Being an entrepreneur is hard. And being one over a decade is harder still. You feel like your body indicators are broken. In every moment, I thought I was working as hard as possible but every once in a while when I’d look back I’d think my performance was dipping. It was frustrating. I was unable to sustain the high intensity that I prided in myself. I can’t be overworked, I enjoy what I am doing. Was my body limiting my mind or was it my mind limiting itself? I can’t afford to take a rest day.

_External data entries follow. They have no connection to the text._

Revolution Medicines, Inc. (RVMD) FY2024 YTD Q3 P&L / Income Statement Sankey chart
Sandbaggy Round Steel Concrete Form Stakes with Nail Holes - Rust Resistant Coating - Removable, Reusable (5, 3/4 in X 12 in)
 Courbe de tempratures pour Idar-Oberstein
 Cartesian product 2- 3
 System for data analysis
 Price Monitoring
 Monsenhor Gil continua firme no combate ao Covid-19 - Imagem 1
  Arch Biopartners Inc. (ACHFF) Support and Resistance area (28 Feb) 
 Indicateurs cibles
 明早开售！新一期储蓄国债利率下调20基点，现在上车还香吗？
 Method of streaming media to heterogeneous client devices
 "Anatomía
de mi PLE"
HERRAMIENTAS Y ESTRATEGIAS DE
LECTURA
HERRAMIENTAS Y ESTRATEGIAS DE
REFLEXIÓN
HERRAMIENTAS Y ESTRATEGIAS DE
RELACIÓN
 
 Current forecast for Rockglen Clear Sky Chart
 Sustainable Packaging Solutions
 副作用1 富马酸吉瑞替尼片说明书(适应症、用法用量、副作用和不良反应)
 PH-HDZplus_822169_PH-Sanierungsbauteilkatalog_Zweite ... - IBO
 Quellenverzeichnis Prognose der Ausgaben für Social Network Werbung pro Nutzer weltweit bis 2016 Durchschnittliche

It wasn’t until I started training for a triathlon I realized what was going on. There’s the concept of threshold in endurance training. If we push our bodies beyond the threshold heart rate, our bodies quickly react and make us slow down or stop. For sports like Triathlon, you want to be just under your threshold to keep going. In endurance training, you steadily improve the threshold to allow your body to sustain high effort for a longer duration.
I improved quite dramatically when I started my training, but then I soon started plateauing. I wasn’t able to run any faster, increase my FTP (power output during cycling). The goal of running 5km under 25mins remained elusive. 180+ watts FTP seemed unattainable. I would finish every workout disappointed that I didn’t do any better and I knew that I had more in me. I had hit a mental barrier.
Early March, I did a virtual sprint triathlon - 1.5km running, 20km cycling, and 5k running. I had no benchmark and expectations on what my final timing would be. My coach had offered that I can do each leg on separate days. I was keen to experience the full load and decided to do it one morning with as little a break between legs as I could. I was impressed that I finished in about 1hr 6mins and the best part was the 5km was exactly 25mins. I didn’t think I could do 25 mins after an intense cycling session.
I was interested in seeing how did the athletes do around 1-hour mark. I felt that was definitely within my reach. I realized my 5km running was the most lacking. I then reverse calculated the pace required to shave off the extra 6 mins.
It’s surprising but this was the first time I ever thought of my average pace while running. My earlier approach was to try to run as fast as I could for as long as I could. From my limited experience, I would temper my start for longer distances. Invariably I would burn out and slow down during the middle section and try for a burst at the end to salvage whatever I could. It was the middle section where I would drift off and have a lot of chatter in my head “You are too tired, let’s stop and try again later”, “You should have gone slower in the beginning”, “Should I slow down further to go faster later”, “You are training too hard, maybe take it easy”.
I find it very hard to gauge anything less than maximal effort. I work very intensely on a problem, generally close to the deadline. And then the burnout spills into the remaining list. This created a work pattern that allowed me to push myself when the time came but also I broke my internal compass and could not do a sustained moderate effort.
In sports, I realized there was very little one could at the end. The crux was a constant maximal pace for the given distance. And the middle section was critical. Grudgingly I realized this also applies to work. We tend to drop our pace when we are sufficiently in the thick of things but not close enough to see the finish line.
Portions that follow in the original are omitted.